Q. Anything else a tiny living homeowner needs to prepare for, security-wise?
A. “There are a lot of important possessions that you would normally keep in a garage or shed at home that you wouldn’t have room for in a typical tiny house. Bicycles. Motorcycles. Utility and recreational vehicles. Your lawnmower. Your grill. Our sister company, Kryptonite, is known for its specialty locks and offers a wide selection of smart, serious security solutions. We have your tiny home secured, inside and out.”
“If you’re thinking about opening your home to guests, carefully weigh the pros and cons. Think it through from every angle. And prepare yourself and your home for the tremendous responsibility you’re taking on, as well as for the tremendous opportunity. Take advantage of the latest smart home technologies to ensure a great experience for you and your guests. And look to Schlage to provide the style, simplicity and security you’ll need, plus the peace of mind that can only come from a brand that’s this experienced and trusted.”
Q. With tiny homes often available as vacation rentals on Airbnb and similar platforms, are there any special security considerations?
A. “Home hosting is huge right now and it only makes sense that the tiny house and home hosting phenomenon would intersect at some point. Again, a tiny house is still a house, so security, convenience, affordability and style play just as important a role in determining one’s selection of door hardware. For instance, a Schlage programmable electronic lock or a smart lock would be ideal for the exterior doors. You get the convenience of an easily changeable and assignable code versus having to provide a key for your rental properties. And with smart locks, you’re providing the added benefits of managing home access using your smartphone. That goes for whatever size home you’re renting.”

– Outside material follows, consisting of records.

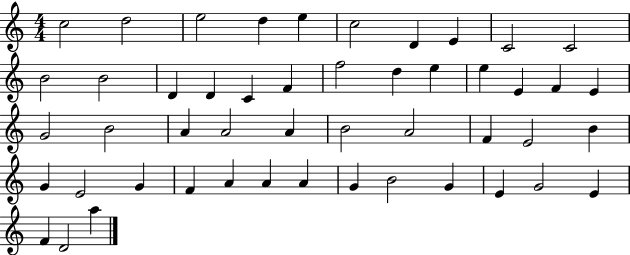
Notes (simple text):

C5/h D5/h E5/h D5/q E5/q C5/h D4/q E4/q C4/h C4/h B4/h B4/h D4/q D4/q C4/q F4/q F5/h D5/q E5/q E5/q E4/q F4/q E4/q G4/h B4/h A4/q A4/h A4/q B4/h A4/h F4/q E4/h B4/q G4/q E4/h G4/q F4/q A4/q A4/q A4/q G4/q B4/h G4/q E4/q G4/h E4/q F4/q D4/h A5/q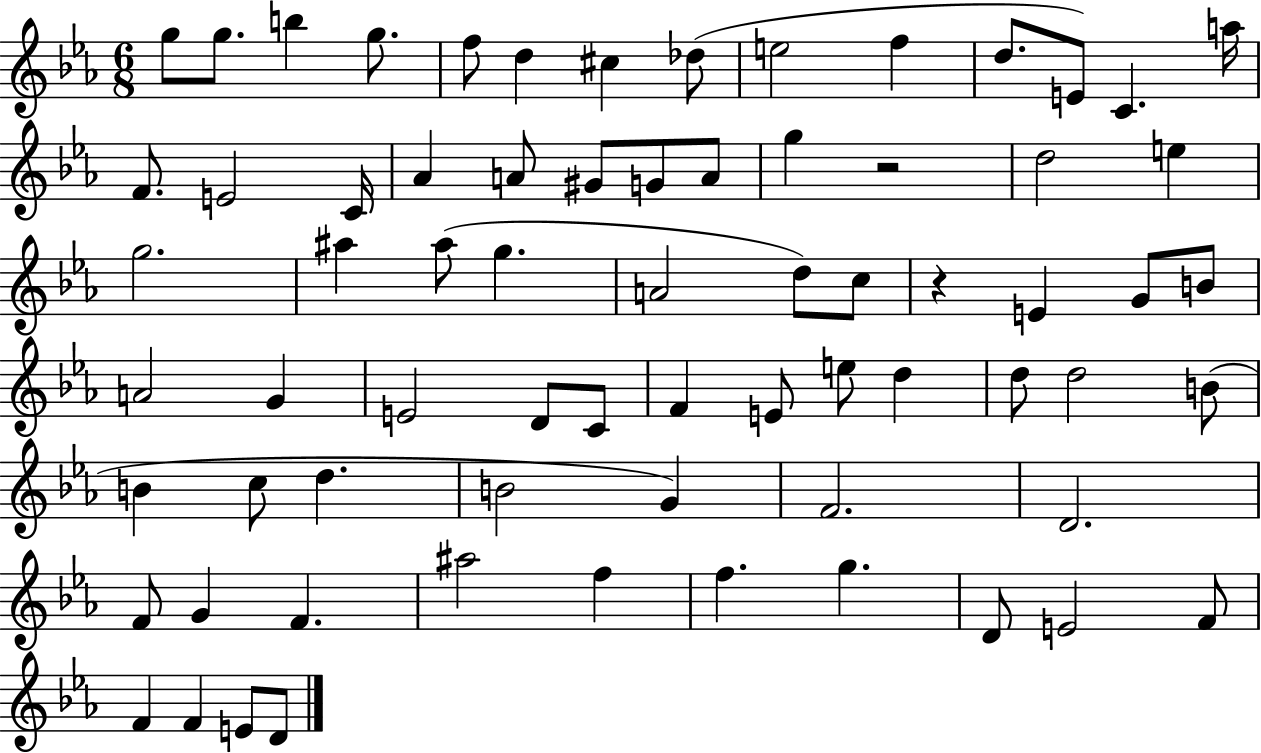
X:1
T:Untitled
M:6/8
L:1/4
K:Eb
g/2 g/2 b g/2 f/2 d ^c _d/2 e2 f d/2 E/2 C a/4 F/2 E2 C/4 _A A/2 ^G/2 G/2 A/2 g z2 d2 e g2 ^a ^a/2 g A2 d/2 c/2 z E G/2 B/2 A2 G E2 D/2 C/2 F E/2 e/2 d d/2 d2 B/2 B c/2 d B2 G F2 D2 F/2 G F ^a2 f f g D/2 E2 F/2 F F E/2 D/2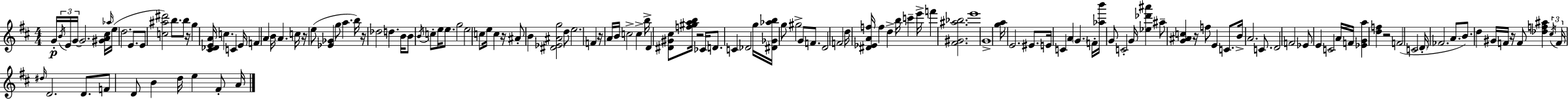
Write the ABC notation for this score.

X:1
T:Untitled
M:4/4
L:1/4
K:D
G/4 B/4 E/4 G/4 G2 [^GA^c]/4 _a/4 e/4 d2 E/2 E/2 [c^a^d']2 b/2 b/2 z/4 g [^C_DEA]/4 c C E/4 F A B/4 A c/4 z/4 e/2 [_E_G] g/2 a b/4 z/4 _d2 d B/4 B/2 B/4 c/2 e/4 e/2 g2 e2 c/2 e/4 c z/4 ^A/2 B [^D_E^Ag]2 d/2 e2 F z/4 A/4 B/4 c2 c b/4 D [^D^G^c]/2 [f^gab]/4 z2 _C/4 D/2 C _D2 g/4 [^D_G_ab]/4 g/2 ^g2 G/2 F/2 D2 F2 d/4 [^D_EAf]/4 f d b/4 c' e'/4 f' [^F^G^a_b]2 e'4 G4 [ga]/4 E2 ^E/2 E/4 C A G F/4 [_ab']/4 G/2 C2 G/4 [_e_d'^a'] ^a/2 [G^Ac] z/4 f/2 E C/2 B/4 A2 C/2 D2 F2 _E/2 E C2 A/4 F/4 [_EGa] [df] z2 F2 C2 D/4 _F2 A/2 B/2 d ^G/4 F/4 z/4 F/2 [_df^a] ^c/4 F/4 ^d/4 D2 D/2 F/2 D/2 B d/4 e ^F/2 A/4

Image and quote from Matt and Melina of @ourtinybeachhouse, minimalist DIYers who use Schlage locks.
Q. Do you see yourself living in a tiny house at some point?
A. “The simplicity, the style, the reduction of complications in one’s life – these have a real appeal to me. It’s just that by the time I made room for my more than 1,000 books on architecture and architectural design and all my art supplies, it would no longer be a tiny house!”